What this task involves: After finding the line with "Funko Pop Horrow" in the data below, set down exactly each line through the one with "초보용 비즈 팔찌 만들기 악세사리 실버 팔찌 만들기 선물 친구 - 상품 이미지", inclusive, and stop there.

Study material:
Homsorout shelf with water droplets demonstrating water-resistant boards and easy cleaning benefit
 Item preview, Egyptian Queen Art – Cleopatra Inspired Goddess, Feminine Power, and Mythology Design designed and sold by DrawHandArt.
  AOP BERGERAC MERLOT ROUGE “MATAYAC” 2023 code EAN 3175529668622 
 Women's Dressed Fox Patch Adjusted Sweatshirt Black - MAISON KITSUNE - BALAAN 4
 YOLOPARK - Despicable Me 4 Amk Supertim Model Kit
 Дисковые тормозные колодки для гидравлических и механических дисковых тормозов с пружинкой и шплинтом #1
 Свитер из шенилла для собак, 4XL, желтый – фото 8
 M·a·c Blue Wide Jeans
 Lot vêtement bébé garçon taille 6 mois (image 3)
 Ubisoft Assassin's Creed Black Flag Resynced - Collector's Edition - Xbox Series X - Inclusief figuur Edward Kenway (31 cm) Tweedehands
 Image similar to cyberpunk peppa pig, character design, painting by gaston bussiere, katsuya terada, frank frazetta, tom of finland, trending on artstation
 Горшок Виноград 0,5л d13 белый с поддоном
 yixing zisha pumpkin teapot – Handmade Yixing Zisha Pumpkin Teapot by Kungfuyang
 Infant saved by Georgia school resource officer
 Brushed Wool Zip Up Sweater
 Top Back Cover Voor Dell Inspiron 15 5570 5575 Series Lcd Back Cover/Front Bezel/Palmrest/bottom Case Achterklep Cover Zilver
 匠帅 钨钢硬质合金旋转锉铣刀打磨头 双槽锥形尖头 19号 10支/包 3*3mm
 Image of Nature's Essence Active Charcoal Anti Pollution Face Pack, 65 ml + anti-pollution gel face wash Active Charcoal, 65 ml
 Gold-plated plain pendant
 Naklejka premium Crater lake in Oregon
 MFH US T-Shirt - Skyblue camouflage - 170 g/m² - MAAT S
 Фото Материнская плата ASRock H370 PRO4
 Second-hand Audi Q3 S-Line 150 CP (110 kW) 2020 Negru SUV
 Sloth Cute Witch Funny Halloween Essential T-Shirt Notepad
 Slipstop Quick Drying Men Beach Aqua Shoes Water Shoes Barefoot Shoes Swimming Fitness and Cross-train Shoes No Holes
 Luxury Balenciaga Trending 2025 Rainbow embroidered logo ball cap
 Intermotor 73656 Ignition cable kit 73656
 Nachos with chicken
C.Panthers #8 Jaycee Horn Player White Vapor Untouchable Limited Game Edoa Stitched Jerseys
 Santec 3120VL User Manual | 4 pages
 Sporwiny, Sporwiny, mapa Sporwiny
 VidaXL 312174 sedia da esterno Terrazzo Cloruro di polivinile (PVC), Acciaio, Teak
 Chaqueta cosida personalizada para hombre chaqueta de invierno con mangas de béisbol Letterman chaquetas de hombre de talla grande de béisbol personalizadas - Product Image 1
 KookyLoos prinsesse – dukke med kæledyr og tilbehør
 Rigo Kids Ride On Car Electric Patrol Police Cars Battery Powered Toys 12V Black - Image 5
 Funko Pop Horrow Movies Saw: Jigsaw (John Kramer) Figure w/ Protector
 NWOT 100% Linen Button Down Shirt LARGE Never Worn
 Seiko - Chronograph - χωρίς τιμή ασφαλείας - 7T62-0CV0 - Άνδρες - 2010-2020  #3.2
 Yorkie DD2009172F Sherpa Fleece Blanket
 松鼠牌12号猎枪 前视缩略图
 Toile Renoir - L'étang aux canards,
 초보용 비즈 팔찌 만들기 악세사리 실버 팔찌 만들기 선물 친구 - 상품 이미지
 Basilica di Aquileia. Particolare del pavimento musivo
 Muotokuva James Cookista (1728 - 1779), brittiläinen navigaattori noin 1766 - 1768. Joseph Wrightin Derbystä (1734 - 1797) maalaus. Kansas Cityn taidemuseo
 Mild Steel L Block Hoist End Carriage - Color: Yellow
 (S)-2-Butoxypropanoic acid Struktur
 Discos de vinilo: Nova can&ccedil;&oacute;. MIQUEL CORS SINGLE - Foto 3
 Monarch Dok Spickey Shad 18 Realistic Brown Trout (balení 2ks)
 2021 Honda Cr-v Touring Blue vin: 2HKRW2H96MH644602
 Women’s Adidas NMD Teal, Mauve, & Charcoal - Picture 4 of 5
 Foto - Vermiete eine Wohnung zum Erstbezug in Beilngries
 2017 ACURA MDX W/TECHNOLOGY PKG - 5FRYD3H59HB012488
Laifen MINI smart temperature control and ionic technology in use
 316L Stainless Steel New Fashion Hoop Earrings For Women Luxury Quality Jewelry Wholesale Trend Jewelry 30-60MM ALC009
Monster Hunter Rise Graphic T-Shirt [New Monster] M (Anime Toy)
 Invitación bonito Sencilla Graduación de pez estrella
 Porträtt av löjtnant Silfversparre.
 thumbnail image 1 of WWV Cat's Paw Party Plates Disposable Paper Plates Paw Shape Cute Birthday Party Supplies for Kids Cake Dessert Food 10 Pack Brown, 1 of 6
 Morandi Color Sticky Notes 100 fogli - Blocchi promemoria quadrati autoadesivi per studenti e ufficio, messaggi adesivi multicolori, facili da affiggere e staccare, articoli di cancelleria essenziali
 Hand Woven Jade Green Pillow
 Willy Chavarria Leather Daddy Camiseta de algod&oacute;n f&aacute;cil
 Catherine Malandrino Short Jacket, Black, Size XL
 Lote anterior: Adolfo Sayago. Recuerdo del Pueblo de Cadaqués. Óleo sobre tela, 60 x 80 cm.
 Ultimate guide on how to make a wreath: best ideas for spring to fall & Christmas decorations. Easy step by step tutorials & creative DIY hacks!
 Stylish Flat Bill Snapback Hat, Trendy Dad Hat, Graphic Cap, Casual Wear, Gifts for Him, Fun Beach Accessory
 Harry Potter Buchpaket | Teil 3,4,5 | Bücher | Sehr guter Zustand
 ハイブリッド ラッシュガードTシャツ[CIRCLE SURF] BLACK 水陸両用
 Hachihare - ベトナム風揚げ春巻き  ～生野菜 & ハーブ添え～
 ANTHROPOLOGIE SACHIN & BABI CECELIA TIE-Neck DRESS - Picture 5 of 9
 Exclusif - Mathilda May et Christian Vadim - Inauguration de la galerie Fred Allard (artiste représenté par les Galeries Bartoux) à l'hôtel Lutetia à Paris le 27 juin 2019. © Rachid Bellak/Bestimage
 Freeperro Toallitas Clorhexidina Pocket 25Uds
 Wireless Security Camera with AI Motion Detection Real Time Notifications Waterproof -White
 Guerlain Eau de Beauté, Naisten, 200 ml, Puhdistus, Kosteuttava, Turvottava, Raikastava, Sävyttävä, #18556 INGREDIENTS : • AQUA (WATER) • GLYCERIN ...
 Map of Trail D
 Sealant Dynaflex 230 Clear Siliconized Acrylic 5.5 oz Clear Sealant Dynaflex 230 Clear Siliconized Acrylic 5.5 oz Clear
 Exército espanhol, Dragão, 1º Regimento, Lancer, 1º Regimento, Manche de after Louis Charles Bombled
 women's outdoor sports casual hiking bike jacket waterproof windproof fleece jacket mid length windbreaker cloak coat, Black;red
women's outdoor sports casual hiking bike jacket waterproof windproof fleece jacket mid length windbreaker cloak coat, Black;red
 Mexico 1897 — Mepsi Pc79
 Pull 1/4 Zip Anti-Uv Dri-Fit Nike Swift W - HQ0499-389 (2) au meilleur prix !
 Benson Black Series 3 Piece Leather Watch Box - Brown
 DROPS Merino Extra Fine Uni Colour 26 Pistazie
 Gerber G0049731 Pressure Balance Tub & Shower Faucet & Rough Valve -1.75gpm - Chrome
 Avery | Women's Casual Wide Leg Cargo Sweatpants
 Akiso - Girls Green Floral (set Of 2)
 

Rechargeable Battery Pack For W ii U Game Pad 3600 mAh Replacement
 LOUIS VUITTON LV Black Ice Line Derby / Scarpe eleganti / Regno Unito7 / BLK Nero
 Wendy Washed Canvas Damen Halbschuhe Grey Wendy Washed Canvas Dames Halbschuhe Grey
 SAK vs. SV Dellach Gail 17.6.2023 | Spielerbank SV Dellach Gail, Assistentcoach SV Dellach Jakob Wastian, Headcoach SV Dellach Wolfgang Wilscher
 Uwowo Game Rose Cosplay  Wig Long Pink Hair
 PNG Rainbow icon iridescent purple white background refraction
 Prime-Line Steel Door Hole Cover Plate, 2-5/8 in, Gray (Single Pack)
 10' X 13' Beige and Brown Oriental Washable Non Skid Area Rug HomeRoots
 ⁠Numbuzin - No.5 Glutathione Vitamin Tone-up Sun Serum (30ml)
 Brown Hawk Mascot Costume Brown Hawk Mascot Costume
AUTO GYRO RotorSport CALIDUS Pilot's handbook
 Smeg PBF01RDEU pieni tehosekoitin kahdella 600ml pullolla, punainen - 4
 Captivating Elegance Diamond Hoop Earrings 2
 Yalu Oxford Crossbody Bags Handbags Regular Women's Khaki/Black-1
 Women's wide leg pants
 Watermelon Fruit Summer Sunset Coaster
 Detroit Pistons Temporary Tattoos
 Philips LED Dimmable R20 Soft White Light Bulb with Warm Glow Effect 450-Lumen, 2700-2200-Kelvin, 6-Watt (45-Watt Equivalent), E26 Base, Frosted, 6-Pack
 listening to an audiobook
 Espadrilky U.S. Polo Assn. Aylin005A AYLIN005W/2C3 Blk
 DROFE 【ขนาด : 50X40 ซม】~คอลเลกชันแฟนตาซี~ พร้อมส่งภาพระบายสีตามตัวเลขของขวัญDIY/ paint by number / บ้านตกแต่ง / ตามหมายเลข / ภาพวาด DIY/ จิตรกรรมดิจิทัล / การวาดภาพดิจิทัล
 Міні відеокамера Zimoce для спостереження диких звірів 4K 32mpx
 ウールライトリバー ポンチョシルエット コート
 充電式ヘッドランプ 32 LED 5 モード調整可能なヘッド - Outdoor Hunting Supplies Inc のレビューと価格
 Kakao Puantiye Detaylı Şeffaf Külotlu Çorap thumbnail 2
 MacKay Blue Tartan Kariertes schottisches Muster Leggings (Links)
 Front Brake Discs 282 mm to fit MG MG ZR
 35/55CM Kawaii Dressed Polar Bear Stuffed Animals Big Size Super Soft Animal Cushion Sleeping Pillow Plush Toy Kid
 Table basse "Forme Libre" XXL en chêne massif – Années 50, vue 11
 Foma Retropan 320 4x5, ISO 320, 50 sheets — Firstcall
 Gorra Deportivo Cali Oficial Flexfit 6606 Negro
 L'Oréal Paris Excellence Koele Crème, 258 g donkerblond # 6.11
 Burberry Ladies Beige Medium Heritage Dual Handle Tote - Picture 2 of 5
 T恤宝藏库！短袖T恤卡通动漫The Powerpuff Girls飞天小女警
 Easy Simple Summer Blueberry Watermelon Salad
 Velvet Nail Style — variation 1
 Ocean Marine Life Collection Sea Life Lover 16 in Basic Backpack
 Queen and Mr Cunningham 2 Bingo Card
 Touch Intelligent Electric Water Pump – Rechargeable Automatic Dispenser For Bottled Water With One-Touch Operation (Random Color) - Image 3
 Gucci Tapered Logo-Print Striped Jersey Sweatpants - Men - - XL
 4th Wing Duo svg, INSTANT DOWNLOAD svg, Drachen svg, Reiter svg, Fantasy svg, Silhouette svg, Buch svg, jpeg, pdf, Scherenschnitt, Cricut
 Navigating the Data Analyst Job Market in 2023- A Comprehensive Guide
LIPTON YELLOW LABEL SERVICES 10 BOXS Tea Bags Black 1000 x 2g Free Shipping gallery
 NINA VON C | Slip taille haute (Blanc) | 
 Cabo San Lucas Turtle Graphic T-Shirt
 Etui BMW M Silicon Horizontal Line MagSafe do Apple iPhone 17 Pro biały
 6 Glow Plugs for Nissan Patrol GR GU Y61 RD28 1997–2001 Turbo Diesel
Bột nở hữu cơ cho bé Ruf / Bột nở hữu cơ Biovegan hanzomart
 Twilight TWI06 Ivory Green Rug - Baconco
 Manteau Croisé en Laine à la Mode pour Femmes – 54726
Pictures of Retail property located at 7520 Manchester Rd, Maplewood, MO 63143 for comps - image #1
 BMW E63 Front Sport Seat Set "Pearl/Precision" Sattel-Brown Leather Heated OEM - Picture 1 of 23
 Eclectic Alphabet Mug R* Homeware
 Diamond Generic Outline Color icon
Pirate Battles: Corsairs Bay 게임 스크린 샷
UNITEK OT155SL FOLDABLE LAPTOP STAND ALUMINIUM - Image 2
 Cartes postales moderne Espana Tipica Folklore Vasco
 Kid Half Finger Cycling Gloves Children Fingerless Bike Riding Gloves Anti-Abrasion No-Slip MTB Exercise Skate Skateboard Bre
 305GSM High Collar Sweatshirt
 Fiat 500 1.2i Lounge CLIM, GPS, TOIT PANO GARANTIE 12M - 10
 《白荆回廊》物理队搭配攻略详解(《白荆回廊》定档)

Result below:
 Funko Pop Horrow Movies Saw: Jigsaw (John Kramer) Figure w/ Protector
 NWOT 100% Linen Button Down Shirt LARGE Never Worn
 Seiko - Chronograph - χωρίς τιμή ασφαλείας - 7T62-0CV0 - Άνδρες - 2010-2020  #3.2
 Yorkie DD2009172F Sherpa Fleece Blanket
 松鼠牌12号猎枪 前视缩略图
 Toile Renoir - L'étang aux canards,
 초보용 비즈 팔찌 만들기 악세사리 실버 팔찌 만들기 선물 친구 - 상품 이미지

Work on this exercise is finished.